| Extracted entries |
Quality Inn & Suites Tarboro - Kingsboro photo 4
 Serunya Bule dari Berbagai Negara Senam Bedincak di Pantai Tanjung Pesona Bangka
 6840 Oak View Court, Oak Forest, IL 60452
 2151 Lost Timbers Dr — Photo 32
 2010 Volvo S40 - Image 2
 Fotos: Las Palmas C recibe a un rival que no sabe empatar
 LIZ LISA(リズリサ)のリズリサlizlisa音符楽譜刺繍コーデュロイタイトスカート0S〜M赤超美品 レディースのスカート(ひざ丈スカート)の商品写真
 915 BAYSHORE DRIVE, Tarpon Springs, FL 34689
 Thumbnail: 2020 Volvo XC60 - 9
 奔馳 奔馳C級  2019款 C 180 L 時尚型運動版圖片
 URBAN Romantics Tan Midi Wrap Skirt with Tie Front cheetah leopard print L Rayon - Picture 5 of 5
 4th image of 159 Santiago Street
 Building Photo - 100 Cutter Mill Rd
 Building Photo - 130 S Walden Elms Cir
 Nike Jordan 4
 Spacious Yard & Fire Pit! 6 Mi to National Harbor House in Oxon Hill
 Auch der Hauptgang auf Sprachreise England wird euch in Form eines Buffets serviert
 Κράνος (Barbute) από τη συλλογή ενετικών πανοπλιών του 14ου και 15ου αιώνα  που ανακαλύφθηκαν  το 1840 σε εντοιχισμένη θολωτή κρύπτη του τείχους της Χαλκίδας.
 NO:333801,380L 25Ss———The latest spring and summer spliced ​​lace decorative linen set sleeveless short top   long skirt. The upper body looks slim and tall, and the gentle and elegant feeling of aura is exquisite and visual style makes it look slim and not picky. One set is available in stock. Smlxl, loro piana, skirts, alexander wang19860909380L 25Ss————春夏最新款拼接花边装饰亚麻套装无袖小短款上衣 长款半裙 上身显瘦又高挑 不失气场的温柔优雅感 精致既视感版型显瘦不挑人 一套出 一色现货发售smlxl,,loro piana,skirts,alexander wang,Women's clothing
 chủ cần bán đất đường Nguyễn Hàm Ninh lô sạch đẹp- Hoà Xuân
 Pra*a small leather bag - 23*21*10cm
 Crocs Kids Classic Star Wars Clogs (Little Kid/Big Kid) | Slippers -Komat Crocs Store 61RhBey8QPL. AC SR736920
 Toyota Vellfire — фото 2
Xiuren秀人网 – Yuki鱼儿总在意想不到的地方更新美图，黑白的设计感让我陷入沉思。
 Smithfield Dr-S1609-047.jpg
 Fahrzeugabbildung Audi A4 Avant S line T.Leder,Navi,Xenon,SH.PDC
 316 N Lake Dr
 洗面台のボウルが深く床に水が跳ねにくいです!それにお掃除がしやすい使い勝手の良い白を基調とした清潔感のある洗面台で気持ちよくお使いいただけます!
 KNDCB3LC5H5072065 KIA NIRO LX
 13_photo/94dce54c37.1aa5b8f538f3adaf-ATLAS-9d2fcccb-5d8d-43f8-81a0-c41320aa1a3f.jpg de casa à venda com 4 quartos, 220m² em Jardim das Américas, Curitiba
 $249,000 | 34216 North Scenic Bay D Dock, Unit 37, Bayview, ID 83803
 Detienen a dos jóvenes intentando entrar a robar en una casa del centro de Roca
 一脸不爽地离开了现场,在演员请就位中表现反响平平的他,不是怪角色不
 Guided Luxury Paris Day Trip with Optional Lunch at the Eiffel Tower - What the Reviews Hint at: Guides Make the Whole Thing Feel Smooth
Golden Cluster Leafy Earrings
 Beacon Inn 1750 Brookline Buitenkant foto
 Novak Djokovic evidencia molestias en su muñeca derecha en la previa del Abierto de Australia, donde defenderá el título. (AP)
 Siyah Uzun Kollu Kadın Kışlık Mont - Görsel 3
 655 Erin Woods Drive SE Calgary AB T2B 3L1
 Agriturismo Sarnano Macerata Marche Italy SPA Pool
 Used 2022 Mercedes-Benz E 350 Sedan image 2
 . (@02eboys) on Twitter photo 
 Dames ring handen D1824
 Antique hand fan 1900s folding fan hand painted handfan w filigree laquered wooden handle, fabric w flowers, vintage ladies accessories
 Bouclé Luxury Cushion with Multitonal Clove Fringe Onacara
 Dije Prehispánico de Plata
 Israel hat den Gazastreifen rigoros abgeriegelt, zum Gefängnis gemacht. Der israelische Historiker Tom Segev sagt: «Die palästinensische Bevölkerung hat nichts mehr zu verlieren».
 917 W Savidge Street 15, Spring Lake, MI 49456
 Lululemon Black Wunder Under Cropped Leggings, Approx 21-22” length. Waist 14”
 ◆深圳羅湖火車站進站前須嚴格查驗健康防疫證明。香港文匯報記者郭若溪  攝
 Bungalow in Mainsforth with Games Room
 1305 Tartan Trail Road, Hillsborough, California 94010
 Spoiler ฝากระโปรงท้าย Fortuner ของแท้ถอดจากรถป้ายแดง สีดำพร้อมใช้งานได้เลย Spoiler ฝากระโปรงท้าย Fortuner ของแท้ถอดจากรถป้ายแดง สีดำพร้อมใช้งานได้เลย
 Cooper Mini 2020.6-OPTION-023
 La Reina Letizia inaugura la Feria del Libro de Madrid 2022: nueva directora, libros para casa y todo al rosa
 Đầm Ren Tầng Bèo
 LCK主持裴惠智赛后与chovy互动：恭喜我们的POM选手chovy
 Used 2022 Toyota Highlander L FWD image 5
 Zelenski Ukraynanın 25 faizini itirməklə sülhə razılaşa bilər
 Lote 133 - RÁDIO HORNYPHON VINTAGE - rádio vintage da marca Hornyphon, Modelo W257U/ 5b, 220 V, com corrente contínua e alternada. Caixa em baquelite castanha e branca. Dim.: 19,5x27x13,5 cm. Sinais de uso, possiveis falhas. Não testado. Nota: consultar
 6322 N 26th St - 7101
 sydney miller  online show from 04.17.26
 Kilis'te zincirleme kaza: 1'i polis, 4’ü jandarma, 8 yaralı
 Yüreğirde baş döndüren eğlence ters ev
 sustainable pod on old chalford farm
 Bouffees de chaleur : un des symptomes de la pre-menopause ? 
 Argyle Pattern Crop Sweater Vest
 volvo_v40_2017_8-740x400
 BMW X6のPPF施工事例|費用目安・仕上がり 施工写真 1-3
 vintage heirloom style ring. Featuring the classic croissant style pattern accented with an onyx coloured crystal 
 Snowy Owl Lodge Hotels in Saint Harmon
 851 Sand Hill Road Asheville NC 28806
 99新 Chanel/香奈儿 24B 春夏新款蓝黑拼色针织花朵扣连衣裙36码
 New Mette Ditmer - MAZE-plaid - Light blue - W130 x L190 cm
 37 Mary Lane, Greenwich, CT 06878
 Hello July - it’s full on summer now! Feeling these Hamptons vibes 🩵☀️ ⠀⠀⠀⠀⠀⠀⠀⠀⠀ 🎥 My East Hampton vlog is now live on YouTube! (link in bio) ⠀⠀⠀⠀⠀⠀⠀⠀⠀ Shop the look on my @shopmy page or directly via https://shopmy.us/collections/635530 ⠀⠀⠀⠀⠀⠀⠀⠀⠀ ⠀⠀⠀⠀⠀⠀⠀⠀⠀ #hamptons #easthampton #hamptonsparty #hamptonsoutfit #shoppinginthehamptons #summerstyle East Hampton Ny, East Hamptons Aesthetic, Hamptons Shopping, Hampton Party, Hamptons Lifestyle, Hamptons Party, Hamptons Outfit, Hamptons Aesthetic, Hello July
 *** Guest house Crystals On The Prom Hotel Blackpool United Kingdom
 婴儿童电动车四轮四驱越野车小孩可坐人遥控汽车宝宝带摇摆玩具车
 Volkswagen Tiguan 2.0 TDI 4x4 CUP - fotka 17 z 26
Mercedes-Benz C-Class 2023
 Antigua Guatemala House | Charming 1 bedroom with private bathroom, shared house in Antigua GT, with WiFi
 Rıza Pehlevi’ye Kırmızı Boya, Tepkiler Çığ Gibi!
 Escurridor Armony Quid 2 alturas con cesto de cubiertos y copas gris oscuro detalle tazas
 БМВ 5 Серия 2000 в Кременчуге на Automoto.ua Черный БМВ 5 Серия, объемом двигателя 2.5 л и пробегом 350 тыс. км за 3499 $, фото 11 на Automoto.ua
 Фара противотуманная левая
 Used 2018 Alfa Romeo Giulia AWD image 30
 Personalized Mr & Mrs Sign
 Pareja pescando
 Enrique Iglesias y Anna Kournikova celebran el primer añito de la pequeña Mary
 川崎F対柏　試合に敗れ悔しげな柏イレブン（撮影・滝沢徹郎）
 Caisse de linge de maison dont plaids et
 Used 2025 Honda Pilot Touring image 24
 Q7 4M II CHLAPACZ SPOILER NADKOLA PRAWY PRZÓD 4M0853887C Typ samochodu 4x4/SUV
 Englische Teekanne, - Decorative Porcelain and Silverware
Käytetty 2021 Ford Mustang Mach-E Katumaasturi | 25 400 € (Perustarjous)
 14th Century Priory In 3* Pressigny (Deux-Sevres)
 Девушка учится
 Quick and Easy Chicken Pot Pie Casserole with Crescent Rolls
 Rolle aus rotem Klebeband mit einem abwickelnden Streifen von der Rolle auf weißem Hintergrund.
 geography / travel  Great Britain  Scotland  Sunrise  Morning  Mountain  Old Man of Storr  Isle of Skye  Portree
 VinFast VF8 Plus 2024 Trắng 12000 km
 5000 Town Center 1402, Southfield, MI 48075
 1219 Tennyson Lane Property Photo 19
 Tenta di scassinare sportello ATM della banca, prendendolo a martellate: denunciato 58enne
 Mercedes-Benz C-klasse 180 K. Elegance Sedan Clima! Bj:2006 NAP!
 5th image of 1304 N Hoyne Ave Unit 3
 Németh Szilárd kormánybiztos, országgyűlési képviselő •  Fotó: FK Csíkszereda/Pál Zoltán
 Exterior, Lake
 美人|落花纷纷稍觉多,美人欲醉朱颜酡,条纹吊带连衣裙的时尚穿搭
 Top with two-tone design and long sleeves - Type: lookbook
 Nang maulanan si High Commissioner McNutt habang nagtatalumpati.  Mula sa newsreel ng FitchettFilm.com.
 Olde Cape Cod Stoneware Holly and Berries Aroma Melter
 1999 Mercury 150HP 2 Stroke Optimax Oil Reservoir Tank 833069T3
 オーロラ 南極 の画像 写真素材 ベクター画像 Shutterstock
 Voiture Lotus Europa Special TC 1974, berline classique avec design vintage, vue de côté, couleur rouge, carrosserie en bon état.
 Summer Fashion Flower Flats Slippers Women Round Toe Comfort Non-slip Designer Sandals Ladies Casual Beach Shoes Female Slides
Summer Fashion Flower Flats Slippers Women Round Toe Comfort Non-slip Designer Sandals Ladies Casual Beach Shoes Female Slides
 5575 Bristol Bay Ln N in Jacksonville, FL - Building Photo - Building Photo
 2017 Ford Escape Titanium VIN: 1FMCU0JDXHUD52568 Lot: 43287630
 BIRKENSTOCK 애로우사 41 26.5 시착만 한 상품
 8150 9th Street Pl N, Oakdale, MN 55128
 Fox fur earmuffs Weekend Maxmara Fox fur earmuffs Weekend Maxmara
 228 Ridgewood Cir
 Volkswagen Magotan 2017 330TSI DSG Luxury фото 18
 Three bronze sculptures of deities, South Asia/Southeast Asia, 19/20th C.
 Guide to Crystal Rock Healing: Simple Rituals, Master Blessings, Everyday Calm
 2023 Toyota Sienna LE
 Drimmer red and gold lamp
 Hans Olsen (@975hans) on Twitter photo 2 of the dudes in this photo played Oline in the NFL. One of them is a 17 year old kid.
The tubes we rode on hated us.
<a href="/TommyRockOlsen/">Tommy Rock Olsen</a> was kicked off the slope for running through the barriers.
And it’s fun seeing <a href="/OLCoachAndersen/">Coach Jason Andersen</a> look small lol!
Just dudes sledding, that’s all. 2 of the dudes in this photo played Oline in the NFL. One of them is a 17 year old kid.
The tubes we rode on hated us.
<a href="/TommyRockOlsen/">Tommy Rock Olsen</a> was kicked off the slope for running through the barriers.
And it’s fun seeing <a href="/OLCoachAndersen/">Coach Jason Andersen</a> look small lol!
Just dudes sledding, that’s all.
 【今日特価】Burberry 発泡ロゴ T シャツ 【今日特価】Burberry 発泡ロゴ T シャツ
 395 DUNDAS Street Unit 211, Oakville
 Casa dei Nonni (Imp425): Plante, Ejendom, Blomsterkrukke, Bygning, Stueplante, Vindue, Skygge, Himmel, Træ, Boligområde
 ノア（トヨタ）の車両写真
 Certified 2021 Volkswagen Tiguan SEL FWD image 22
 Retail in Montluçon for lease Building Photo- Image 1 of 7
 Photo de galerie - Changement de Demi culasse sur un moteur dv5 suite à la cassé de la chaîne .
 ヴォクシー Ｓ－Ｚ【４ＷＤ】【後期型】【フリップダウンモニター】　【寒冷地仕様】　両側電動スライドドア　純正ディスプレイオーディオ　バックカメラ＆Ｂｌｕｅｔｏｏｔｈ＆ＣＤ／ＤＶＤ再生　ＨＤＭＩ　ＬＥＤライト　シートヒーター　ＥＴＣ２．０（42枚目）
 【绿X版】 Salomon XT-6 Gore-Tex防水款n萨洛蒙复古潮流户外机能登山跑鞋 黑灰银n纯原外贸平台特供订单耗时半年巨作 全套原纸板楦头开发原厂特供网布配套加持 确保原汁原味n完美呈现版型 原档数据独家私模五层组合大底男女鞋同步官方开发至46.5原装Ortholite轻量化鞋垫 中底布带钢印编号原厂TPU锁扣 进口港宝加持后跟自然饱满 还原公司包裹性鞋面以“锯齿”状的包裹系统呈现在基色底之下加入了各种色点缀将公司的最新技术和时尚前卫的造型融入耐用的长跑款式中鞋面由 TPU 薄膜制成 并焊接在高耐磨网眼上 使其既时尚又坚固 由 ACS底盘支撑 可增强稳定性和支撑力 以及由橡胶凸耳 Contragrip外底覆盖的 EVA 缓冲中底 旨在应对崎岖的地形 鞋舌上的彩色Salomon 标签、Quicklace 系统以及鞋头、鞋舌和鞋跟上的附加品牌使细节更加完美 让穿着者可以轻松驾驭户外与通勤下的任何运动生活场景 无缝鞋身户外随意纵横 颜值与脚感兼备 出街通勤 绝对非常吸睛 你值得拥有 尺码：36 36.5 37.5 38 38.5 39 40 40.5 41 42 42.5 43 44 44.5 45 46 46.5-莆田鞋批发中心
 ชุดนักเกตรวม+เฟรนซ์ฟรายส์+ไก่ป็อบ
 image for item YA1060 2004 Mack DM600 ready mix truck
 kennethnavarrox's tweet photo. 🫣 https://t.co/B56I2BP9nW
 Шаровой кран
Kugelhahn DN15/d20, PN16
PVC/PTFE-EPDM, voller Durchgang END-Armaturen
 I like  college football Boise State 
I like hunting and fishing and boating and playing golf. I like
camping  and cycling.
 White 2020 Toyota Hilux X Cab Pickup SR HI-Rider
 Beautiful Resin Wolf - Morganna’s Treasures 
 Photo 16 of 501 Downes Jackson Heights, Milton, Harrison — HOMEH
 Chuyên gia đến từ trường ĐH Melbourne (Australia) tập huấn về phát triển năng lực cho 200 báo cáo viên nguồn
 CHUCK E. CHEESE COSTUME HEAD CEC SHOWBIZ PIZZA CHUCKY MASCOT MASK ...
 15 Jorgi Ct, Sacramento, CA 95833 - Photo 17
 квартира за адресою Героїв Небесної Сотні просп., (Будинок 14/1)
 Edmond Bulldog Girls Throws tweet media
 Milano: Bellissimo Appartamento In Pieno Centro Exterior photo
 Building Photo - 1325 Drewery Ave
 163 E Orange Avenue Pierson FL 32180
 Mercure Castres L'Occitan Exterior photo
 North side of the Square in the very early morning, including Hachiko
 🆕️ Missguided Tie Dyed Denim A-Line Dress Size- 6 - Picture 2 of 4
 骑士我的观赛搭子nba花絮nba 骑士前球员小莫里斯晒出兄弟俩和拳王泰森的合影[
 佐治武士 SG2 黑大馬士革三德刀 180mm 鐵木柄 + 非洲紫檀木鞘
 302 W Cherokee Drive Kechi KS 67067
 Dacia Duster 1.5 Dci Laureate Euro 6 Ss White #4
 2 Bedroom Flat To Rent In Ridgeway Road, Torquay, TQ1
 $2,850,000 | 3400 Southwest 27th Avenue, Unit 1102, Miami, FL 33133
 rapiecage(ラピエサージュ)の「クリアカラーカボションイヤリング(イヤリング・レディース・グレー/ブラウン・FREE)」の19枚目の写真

| Exercise prompt |
Tell how many lines in the entries contain the string "that", and give nothing beyond the number.

| Response |
2